- [THE DATA]:
# # # # # # #

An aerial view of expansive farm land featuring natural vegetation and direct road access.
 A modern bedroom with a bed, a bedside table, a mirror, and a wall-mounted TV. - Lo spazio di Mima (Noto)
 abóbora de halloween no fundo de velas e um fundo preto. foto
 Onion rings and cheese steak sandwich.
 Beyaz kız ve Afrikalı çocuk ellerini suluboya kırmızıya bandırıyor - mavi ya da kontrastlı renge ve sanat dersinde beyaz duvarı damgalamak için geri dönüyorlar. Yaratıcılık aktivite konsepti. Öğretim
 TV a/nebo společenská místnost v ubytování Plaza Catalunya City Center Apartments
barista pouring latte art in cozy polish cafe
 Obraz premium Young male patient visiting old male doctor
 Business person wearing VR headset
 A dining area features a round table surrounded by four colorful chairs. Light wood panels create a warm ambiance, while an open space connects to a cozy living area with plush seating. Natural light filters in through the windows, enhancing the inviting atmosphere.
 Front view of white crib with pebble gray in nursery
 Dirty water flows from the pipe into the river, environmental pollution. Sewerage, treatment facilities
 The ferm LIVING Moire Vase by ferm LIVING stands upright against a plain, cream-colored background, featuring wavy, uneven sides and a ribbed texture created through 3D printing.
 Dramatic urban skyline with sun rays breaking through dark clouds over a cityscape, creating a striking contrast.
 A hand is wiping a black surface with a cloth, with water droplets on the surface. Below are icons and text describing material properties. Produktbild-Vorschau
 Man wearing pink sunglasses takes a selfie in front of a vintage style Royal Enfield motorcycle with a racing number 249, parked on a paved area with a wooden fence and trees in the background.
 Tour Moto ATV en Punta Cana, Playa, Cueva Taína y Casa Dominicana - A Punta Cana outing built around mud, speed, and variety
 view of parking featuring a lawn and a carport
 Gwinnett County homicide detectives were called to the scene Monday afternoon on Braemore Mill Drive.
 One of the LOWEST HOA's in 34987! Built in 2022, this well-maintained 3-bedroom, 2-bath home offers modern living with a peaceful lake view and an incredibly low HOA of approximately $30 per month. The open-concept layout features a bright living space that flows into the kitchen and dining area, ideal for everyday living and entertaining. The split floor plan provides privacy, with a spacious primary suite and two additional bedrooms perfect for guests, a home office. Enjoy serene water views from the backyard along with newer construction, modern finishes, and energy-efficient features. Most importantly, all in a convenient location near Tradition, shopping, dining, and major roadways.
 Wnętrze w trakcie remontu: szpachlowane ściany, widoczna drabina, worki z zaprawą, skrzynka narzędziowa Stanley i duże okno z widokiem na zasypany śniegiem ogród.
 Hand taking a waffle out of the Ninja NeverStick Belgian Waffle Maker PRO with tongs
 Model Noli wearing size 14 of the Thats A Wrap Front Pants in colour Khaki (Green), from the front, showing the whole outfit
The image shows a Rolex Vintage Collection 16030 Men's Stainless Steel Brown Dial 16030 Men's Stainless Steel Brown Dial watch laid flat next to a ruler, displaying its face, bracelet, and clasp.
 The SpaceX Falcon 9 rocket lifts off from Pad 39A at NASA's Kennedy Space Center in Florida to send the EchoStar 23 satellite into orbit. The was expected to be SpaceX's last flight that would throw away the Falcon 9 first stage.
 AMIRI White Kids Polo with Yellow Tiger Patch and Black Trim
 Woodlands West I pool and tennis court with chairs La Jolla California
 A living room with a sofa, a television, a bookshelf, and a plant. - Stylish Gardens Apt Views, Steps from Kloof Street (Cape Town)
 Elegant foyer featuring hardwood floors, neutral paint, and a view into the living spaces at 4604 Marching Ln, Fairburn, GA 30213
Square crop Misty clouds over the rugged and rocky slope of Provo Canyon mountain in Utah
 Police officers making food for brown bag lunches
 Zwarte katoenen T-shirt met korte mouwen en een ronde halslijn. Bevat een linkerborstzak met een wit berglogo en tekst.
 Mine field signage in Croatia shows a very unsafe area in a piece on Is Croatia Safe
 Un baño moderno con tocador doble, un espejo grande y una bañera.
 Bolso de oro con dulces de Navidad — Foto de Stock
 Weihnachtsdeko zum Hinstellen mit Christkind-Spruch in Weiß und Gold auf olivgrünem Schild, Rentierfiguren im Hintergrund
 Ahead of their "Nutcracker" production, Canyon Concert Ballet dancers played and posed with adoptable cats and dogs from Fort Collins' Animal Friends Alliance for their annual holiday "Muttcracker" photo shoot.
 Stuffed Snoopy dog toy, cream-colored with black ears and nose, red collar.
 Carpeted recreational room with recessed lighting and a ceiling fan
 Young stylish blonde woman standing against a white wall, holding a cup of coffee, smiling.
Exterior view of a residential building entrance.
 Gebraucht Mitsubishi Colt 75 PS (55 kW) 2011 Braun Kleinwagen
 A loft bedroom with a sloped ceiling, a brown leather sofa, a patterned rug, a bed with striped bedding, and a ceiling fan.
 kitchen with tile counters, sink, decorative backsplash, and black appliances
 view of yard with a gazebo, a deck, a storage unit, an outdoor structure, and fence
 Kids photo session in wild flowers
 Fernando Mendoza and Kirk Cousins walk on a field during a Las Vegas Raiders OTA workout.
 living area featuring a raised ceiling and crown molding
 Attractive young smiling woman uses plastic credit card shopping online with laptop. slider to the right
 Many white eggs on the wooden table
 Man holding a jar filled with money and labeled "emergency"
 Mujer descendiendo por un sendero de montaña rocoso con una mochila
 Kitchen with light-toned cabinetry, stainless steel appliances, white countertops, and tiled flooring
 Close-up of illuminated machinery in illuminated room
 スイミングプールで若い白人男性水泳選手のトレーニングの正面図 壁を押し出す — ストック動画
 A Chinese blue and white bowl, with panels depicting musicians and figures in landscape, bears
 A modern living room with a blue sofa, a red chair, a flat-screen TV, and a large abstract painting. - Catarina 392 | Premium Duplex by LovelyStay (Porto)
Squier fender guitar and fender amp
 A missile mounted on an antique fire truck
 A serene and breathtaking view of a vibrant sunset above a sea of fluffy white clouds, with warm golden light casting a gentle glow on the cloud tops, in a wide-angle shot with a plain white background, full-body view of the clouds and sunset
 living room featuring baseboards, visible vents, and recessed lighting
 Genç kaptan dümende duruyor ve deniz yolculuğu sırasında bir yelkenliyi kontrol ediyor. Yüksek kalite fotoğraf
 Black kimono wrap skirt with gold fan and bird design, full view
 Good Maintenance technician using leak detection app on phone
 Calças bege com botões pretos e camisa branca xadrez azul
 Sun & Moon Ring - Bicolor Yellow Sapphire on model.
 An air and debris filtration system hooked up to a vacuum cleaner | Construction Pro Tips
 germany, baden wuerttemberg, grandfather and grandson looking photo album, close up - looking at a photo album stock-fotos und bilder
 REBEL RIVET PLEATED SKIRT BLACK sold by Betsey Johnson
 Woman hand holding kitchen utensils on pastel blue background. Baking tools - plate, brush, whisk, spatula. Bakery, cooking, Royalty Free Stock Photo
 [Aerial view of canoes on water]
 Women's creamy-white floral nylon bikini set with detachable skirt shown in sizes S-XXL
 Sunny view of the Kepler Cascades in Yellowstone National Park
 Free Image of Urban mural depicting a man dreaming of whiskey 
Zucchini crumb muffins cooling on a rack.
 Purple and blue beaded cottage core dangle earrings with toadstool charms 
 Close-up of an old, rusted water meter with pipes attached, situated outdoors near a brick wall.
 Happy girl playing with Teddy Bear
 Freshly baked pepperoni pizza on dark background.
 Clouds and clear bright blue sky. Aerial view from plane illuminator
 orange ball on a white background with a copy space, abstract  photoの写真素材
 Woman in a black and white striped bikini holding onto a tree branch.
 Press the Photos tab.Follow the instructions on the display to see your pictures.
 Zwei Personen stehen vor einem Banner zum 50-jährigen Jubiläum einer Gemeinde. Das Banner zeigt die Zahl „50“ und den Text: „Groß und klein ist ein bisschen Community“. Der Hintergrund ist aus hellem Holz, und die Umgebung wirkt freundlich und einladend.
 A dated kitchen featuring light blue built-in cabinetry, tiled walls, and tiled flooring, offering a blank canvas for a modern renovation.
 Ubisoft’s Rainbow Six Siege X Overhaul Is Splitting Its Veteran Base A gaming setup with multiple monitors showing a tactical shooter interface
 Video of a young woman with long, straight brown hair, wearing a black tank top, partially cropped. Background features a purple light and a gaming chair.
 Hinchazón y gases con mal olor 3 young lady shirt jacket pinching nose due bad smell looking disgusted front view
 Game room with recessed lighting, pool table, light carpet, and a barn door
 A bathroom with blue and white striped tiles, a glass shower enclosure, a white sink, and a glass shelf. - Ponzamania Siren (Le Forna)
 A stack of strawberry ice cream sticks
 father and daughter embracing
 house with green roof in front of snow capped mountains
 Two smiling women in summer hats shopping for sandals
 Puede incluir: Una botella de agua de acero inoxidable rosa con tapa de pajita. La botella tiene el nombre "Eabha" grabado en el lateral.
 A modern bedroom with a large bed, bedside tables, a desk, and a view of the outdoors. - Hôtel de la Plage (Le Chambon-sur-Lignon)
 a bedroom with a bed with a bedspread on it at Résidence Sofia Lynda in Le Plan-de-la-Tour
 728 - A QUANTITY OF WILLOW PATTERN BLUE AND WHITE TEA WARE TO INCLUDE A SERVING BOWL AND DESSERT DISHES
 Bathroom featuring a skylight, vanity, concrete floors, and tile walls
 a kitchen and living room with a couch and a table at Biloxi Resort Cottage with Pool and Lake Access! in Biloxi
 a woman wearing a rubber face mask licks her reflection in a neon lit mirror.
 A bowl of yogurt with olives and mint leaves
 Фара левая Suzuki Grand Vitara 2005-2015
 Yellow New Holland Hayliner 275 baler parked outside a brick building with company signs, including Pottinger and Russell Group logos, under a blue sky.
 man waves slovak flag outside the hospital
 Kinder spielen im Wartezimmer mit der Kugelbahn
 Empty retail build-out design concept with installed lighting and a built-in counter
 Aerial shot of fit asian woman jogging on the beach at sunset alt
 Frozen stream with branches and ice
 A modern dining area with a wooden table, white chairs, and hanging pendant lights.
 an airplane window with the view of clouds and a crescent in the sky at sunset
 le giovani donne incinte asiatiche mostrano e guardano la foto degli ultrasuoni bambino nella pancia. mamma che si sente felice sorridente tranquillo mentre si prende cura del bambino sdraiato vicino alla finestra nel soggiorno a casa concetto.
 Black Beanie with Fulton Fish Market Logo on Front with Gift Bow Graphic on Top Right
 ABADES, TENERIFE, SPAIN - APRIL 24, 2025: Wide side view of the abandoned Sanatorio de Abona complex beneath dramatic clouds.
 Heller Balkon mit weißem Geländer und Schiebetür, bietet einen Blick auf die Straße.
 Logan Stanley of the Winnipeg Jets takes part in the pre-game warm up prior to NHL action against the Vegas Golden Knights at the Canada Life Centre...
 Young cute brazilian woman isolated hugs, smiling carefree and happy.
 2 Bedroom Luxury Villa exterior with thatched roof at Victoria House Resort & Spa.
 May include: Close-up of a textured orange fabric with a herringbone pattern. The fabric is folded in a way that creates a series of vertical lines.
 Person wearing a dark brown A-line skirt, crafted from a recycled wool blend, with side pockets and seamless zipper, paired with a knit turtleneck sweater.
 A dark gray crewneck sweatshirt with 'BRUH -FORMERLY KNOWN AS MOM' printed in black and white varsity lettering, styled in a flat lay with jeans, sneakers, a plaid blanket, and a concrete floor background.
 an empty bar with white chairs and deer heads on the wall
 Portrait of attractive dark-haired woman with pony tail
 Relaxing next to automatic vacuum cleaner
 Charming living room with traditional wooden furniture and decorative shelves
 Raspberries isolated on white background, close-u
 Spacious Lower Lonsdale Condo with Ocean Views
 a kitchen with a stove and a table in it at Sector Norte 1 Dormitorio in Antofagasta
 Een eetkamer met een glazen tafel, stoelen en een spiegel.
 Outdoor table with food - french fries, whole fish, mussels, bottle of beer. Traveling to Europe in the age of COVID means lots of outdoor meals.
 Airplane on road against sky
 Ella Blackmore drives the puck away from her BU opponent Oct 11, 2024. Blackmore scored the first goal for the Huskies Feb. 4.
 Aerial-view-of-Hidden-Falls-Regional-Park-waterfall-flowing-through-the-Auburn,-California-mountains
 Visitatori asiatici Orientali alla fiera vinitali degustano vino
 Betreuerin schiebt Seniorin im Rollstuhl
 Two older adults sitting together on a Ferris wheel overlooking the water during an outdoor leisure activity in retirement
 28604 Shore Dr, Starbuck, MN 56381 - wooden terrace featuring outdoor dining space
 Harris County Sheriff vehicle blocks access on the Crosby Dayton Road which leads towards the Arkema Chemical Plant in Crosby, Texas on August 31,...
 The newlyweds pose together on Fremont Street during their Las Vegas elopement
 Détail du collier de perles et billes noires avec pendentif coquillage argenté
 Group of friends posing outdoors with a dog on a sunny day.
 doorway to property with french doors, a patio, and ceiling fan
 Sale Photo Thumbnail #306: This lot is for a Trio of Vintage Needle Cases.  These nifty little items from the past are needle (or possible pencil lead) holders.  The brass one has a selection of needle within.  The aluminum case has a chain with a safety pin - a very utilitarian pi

# # # # # # #

- [TO DO]: From the entries above, restate word for word the lines from the line containing "Black kimono wrap" to the line containing "[Aerial view of canoes on water]", both ends included, and nothing more.

- [WRITTEN REPLY]:
 Black kimono wrap skirt with gold fan and bird design, full view
 Good Maintenance technician using leak detection app on phone
 Calças bege com botões pretos e camisa branca xadrez azul
 Sun & Moon Ring - Bicolor Yellow Sapphire on model.
 An air and debris filtration system hooked up to a vacuum cleaner | Construction Pro Tips
 germany, baden wuerttemberg, grandfather and grandson looking photo album, close up - looking at a photo album stock-fotos und bilder
 REBEL RIVET PLEATED SKIRT BLACK sold by Betsey Johnson
 Woman hand holding kitchen utensils on pastel blue background. Baking tools - plate, brush, whisk, spatula. Bakery, cooking, Royalty Free Stock Photo
 [Aerial view of canoes on water]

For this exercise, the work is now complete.